Innanzitutto, il primo errore fattuale denunciato – per il quale “la difesa” dell’avvocato, emergente “dagli atti di causa”, “non poggiava affatto, almeno non esclusivamente, su una ‘opzione bensì sul fatto che la Cassa Forense” avesse revocato la sua iscrizione alla medesima – attiene alla interpretazione dei contenuti espositivi degli atti del giudizio e dunque concerne attività valutativa che riguarda il quadro processuale, insuscettibile in quanto tale di revocazione.
Inoltre, tale preteso errore, così come quello circa l’anno di riferimento del contributo dovuto, non si confronta con la ratio decisiva che fonda l’accoglimento dell’originario ricorso per cassazione che sta tutta nell’assunto secondo cui “dall’essere iscritto all’Albo derivava l’obbligo di versare il contributo integrativo per tutti coloro – anche non iscritti alla Cassa – che avessero svolto l’attività forense in Italia, e ciò indipendentemente dall’essere cittadino italiano o di un diverso paese dell’UE”; ogni ulteriore argomentazione svolta nella sentenza in esame (sia sull’opzione che sulla normativa comunitaria) funge da supporto ulteriore alla trama argomentativa e non assume valore decisivo.
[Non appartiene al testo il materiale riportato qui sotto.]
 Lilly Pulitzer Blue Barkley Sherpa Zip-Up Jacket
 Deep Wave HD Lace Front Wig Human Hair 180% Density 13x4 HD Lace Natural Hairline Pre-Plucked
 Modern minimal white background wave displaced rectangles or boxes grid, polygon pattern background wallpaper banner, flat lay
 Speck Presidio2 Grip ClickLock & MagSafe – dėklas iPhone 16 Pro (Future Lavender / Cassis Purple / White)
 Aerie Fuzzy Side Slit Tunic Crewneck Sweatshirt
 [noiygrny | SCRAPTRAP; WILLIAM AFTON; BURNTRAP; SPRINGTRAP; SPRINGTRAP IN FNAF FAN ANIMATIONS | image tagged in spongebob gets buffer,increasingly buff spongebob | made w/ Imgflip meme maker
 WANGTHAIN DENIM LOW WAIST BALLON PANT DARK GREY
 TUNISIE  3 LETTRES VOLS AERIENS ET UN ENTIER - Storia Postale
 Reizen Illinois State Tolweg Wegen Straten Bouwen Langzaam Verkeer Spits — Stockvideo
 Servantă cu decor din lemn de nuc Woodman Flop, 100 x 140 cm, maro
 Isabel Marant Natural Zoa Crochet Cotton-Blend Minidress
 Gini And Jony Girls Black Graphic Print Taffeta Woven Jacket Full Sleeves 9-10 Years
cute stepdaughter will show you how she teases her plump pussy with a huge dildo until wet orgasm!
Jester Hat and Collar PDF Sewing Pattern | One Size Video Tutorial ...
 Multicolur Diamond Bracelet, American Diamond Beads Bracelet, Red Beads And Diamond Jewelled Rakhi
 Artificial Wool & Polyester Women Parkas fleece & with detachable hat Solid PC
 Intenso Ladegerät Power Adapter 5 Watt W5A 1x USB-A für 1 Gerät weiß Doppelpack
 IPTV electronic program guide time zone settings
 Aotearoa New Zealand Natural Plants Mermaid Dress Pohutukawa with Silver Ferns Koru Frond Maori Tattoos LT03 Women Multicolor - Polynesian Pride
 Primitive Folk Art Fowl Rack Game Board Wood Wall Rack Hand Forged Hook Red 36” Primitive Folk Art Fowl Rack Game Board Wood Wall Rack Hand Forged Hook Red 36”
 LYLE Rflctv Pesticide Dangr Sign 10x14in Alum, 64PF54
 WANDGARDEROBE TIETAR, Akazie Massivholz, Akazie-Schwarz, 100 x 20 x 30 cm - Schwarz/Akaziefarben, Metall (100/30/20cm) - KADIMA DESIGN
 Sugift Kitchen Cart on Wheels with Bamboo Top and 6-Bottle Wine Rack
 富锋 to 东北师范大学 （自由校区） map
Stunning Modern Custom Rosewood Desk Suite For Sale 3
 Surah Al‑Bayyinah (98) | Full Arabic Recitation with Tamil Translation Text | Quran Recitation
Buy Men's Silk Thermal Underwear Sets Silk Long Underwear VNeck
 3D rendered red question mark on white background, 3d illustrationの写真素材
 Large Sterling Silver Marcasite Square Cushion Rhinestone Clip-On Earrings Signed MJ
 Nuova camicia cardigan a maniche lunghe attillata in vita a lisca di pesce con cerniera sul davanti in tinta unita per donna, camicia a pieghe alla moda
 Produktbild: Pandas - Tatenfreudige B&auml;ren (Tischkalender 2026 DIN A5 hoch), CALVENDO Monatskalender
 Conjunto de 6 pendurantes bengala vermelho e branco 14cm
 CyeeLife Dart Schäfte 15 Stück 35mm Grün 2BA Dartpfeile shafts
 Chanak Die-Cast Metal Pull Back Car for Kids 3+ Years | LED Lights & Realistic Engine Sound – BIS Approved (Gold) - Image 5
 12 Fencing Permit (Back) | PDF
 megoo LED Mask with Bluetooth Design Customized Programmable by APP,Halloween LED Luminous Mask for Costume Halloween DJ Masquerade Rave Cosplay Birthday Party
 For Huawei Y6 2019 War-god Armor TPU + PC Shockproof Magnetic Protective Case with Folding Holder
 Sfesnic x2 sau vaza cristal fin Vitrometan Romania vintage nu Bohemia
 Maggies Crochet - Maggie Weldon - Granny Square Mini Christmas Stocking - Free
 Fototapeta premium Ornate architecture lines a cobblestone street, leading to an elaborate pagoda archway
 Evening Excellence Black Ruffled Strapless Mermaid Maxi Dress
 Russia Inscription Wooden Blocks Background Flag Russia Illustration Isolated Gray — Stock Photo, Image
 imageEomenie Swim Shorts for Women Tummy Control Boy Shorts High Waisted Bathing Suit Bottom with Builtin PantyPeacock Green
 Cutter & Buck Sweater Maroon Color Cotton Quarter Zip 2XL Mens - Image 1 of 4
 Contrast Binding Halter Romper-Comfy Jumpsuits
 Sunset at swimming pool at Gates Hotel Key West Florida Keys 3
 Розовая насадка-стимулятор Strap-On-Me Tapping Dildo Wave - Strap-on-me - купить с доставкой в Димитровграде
Sicché gli errori denunciati, quand’anche ritenuti sussistenti, non renderebbero la sentenza impugnata priva della sua base logico-giuridica, e tale rilievo priva anche di rilevanza, nel presente giudizio di revocazione, la prospettata questione ex art. 267, c. 3, TFUE.
4. Conclusivamente il ricorso deve essere dichiarato inammissibile; le spese seguono la soccombenza liquidate come da dispositivo.
Ai sensi dell’art. 13, comma 1-quater, del d.P.R. n. 115 del 2002, nel testo introdotto dall’art. 1, comma 17, della legge n. 228 del 2012, occorre dare atto della sussistenza dei presupposti processuali per il versamento, da parte del ricorrente, dell’ulteriore importo a titolo di contributo unificato, pari a quello, ove dovuto, per il ricorso, a norma del comma 1-bis dello stesso art. 13 (cfr. Cass. SS.UU. n. 4315 del 2020).
P.Q.M.
Dichiara inammissibile il ricorso e condanna parte ricorrente al pagamento delle spese liquidate in euro 3.000,00, oltre euro 200,00 per esborsi, accessori secondo legge e rimborso spese generali al 15%.
Ai sensi dell’art. 13, co. 1 quater, d.P.R. n. 115 del 2002 dà atto della sussistenza dei presupposti processuali per il versamento, da parte del ricorrente, dell’ulteriore importo a titolo di contributo unificato pari a quello previsto per il ricorso a norma del comma 1 bis dello stesso art. 13, se dovuto.